# Woohoo! $1 Bush Clearance - What is it?



## d'vash (Apr 25, 2013)

Went to town, noticed a plant clearance sale and just had to stop 'n' buy... Errr, I mean, stop by.  

Nothing was really on clearance - they dropped $0.5 to $1 per plant. I then noticed a little huddle of bushes in the back corner with no tags, labels, prices nor barcodes. The staff had no idea what it was called, so they couldn't pull it up on the database to check out what it was worth. I ended up taking them home for $1 each. :banana: Pretty neat since most other bushes it's size were going for $35+ 

Anyways, anyone got any idea what they are? Sorry about the focus on the pictures; my camera didn't seem to want to cooperate.


----------



## dcross (Aug 12, 2005)

Blueberries, maybe?


----------



## d'vash (Apr 25, 2013)

dcross said:


> Blueberries, maybe?


I could be wrong, but I think blueberries tend to have more elongated leaves relative to the leaves of the subject bush. 

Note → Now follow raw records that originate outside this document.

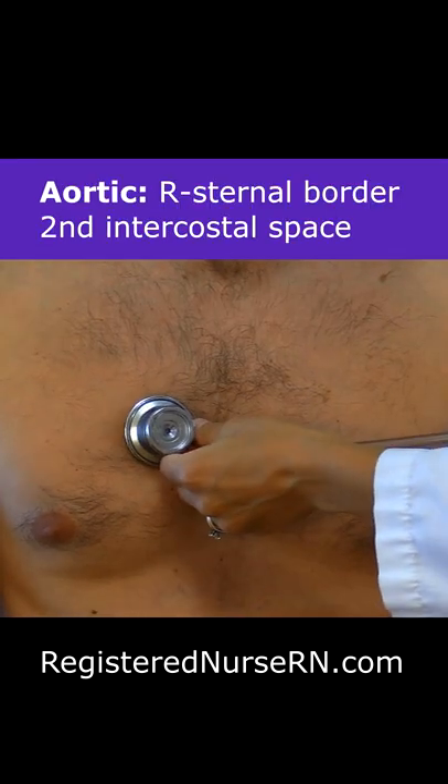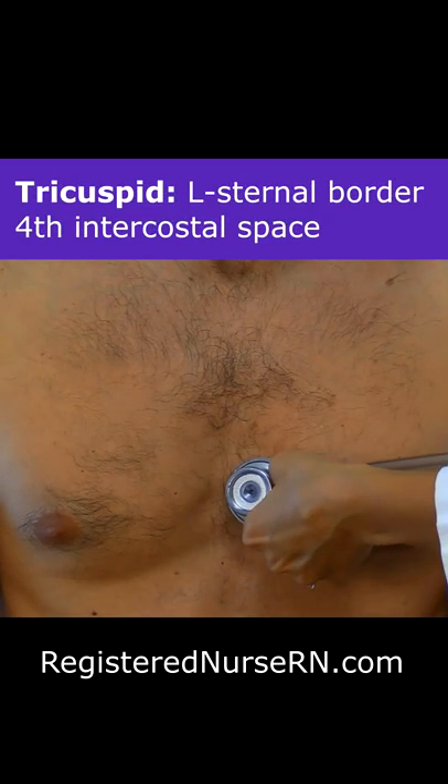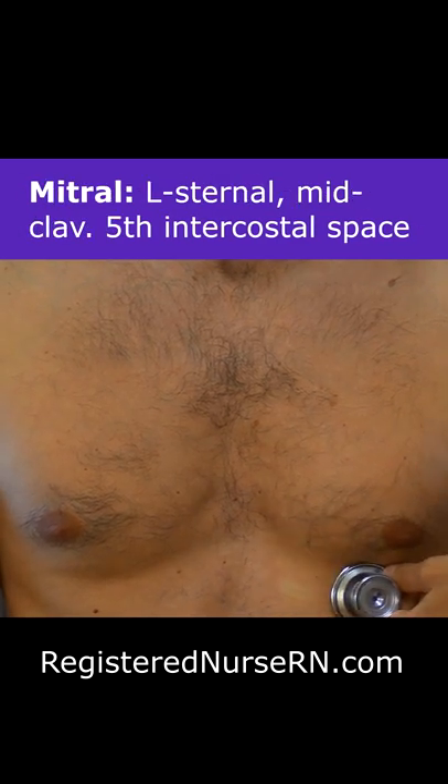Aortic over here. Then I'm just going to inch over here to the pulmonic, inch down to Erb's point, now inch down to the tricuspid, and then go over to the mitral area.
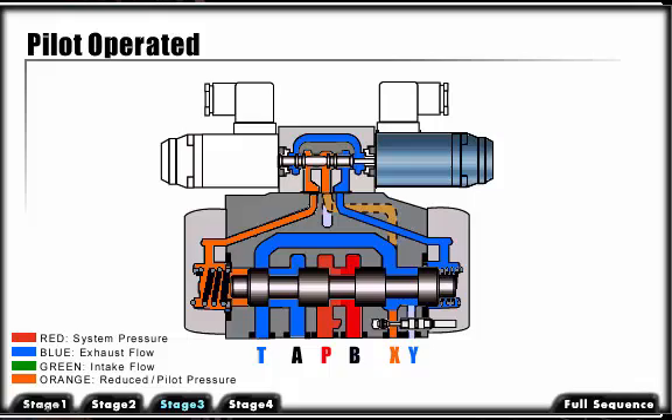If the pilot valve is internally drained, oil flows directly into the tank port of the main valve. Pressure or flow surges occurring in the tank port when operating the main control spool may affect the unloaded side of the main spool, as well as the pilot valve. To avoid this, we may externally drain the pilot valve by feeding pilot oil flow back to the tank.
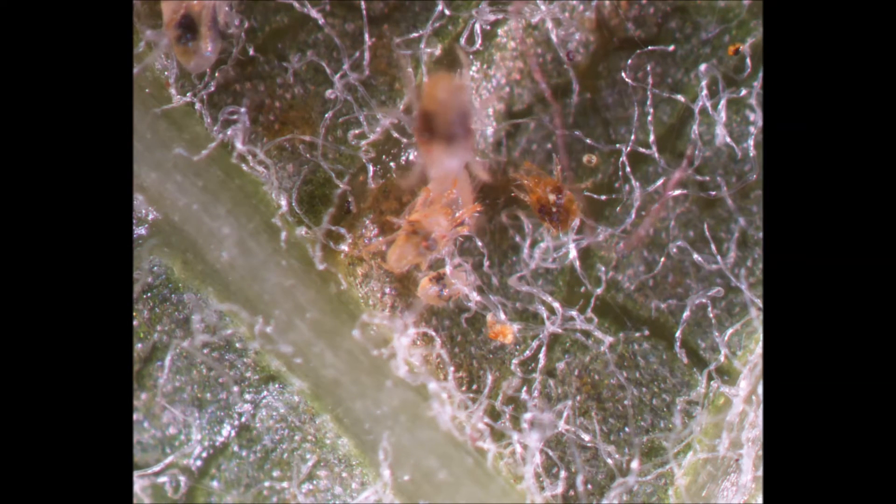Like the predatory mites, spider mites also have distinct life stages. Featured here, we see a female deutonymphe underneath an adult male near a younger female protonymphe. The females are shiny because they are undergoing ecdysis — they have their old layer of exoskeleton covering them right before a molt. The males are fully developed and are waiting for the female deutonymphe to emerge from their exoskeletons in order to mate.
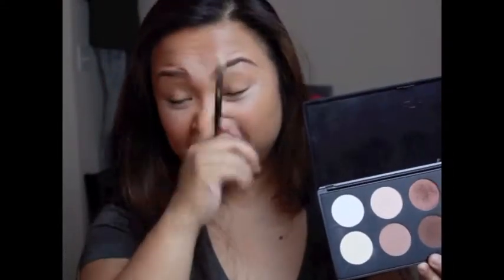Hey guys, so today I'm going to be doing a tutorial on this look which is just a simple everyday type of makeup — basically natural and you don't really need too much effort. I'm not wearing fake lashes, that's why my eyes look really small. So anyways, if you want to see how this look is done, just stay tuned. We're going to start with this color right here — this is the Makeup Forever professional palette and I'm going to use this for my lids.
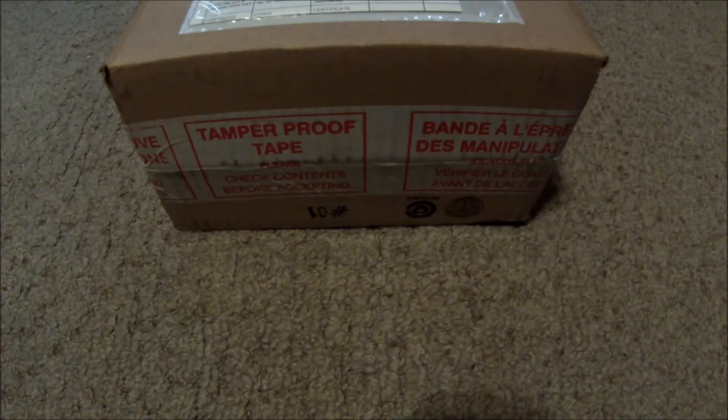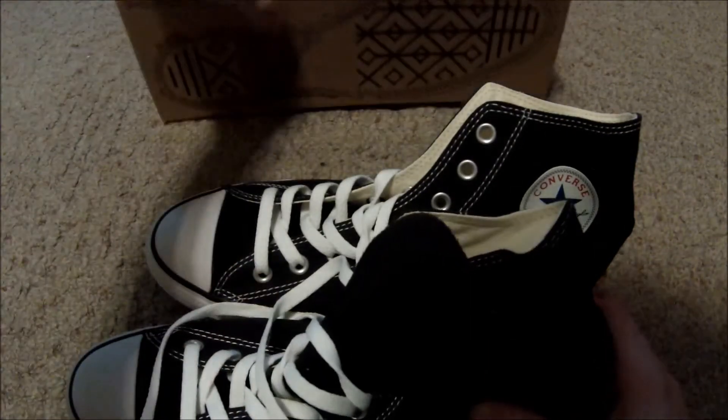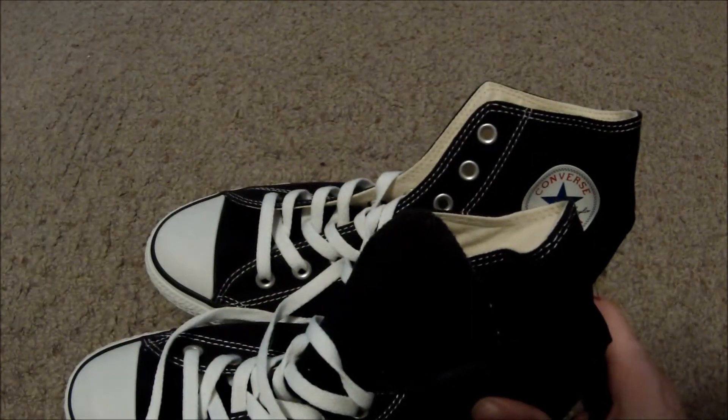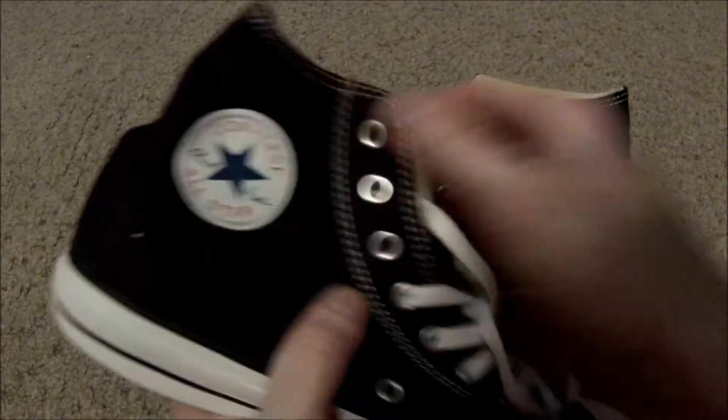Hi there YouTubers and welcome back to episode 135 of unboxing. I got a package here from Converse — I got my shoes from Converse, the Chuck Taylors, that I got for winning a contest at a skateboarding event.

My blueberry leaves, type one:









My haskap leaves (blue honeyberries) type two:


----------



## willow_girl (Dec 7, 2002)

Looks like a dwarf lilac to me.


----------



## d'vash (Apr 25, 2013)

willow_girl said:


> Looks like a dwarf lilac to me.


Thanks, that's what a friend said she thought it was too.


----------



## katydidagain (Jun 11, 2004)

Golden Affinity said:


> Thanks, that's what a friend said she thought it was too.


Lilac? Yes. Look like basically healthy Korean ones to me which would be a very nice find for $1.


----------